Scraped caption text data:
----
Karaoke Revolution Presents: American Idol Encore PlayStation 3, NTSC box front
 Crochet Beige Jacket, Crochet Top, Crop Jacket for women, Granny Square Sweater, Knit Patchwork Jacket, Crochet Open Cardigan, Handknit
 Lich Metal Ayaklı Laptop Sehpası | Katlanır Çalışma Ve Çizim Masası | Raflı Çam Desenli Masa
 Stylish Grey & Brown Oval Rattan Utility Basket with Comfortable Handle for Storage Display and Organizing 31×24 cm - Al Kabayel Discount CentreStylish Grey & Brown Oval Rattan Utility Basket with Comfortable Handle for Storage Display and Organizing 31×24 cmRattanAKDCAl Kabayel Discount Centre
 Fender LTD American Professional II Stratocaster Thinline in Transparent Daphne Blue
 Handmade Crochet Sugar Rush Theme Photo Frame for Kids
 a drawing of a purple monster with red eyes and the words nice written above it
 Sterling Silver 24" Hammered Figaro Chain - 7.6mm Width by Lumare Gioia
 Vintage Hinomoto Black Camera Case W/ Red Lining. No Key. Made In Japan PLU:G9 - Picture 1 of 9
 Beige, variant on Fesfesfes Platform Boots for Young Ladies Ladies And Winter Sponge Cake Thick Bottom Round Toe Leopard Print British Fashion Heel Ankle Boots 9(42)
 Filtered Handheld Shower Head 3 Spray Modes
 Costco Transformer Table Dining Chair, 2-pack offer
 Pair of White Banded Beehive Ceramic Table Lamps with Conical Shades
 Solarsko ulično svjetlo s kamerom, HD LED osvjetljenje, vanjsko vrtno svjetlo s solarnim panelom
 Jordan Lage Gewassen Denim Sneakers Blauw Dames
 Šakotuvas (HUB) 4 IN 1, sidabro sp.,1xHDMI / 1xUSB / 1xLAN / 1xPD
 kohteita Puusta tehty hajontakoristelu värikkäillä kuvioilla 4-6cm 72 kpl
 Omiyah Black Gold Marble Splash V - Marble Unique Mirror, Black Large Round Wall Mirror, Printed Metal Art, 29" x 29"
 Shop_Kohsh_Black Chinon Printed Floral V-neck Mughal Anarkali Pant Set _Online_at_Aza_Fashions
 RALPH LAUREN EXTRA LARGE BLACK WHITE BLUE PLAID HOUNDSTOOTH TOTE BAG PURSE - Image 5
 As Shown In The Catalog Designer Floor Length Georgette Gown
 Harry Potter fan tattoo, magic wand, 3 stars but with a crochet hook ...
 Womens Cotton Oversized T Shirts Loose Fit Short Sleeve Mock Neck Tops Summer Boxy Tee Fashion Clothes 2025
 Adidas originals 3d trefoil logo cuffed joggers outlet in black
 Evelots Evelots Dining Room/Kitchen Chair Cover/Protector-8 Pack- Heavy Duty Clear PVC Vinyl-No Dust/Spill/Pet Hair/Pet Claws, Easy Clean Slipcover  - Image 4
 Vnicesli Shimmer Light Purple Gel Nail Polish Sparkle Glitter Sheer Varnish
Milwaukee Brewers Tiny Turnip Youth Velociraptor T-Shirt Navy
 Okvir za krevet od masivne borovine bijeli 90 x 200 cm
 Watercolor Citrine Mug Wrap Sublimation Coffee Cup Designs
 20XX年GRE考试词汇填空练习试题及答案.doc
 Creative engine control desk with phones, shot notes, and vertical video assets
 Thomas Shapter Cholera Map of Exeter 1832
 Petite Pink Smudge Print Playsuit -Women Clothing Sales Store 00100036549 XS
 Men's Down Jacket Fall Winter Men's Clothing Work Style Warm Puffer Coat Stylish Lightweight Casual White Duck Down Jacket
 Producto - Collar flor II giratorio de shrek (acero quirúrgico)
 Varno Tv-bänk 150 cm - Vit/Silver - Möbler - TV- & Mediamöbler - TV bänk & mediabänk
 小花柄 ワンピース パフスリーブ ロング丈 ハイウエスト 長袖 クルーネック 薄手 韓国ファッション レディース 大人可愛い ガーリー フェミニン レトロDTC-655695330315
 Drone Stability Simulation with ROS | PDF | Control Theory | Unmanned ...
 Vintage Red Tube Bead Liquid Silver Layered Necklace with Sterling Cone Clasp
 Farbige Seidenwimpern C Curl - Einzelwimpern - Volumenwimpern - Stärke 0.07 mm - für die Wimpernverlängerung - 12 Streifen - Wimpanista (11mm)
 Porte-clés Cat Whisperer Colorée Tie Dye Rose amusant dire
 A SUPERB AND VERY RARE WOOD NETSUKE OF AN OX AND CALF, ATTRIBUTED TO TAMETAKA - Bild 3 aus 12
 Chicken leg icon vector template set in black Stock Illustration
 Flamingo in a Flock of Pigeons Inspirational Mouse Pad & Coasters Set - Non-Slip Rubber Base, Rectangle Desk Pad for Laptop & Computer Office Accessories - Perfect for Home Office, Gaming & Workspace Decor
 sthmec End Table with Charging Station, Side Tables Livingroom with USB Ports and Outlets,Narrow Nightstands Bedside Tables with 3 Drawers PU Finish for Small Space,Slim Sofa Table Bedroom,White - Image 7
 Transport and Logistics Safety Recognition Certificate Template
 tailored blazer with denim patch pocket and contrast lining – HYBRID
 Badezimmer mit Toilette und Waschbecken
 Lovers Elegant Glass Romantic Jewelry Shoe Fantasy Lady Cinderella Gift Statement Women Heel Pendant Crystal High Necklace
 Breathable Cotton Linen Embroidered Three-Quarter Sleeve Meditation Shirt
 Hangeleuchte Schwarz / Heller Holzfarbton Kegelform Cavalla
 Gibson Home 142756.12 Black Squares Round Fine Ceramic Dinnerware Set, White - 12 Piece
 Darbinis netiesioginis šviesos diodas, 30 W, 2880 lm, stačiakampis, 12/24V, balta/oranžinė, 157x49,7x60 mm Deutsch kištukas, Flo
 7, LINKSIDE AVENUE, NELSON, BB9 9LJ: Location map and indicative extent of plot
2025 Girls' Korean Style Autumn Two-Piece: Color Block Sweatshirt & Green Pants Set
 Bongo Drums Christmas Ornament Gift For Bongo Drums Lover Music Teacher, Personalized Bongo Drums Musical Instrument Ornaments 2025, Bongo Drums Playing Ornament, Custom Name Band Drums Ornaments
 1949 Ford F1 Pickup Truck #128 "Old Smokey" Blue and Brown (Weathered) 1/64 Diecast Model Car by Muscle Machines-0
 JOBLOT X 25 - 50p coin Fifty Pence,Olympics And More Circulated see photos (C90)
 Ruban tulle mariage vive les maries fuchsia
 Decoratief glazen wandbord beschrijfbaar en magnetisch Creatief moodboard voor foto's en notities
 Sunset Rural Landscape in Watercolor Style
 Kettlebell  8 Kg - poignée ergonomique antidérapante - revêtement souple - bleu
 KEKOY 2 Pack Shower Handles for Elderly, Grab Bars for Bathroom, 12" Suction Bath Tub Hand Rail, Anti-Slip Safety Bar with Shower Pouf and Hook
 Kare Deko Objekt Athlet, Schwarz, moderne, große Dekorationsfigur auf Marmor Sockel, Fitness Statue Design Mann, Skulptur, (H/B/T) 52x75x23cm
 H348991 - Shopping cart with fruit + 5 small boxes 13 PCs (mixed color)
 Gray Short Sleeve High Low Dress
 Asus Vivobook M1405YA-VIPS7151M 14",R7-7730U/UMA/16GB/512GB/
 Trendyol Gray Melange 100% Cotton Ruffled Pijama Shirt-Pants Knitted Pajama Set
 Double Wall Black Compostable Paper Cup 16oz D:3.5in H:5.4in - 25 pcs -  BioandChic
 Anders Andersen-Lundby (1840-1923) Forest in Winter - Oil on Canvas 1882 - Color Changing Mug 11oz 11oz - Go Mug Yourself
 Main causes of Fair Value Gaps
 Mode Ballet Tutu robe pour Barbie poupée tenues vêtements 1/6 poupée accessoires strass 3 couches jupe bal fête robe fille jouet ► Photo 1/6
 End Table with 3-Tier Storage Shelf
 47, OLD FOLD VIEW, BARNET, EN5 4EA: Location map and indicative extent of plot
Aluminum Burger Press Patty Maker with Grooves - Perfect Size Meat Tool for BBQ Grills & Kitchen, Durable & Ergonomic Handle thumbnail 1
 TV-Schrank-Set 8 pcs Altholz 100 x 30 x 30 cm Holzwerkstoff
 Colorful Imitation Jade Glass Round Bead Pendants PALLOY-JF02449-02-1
----
◆ TASK INSTRUCTIONS: Search the data above and return each line in which "Perfect" occurs.

◆ OUTPUT FOR THIS TASK:
 Flamingo in a Flock of Pigeons Inspirational Mouse Pad & Coasters Set - Non-Slip Rubber Base, Rectangle Desk Pad for Laptop & Computer Office Accessories - Perfect for Home Office, Gaming & Workspace Decor
Aluminum Burger Press Patty Maker with Grooves - Perfect Size Meat Tool for BBQ Grills & Kitchen, Durable & Ergonomic Handle thumbnail 1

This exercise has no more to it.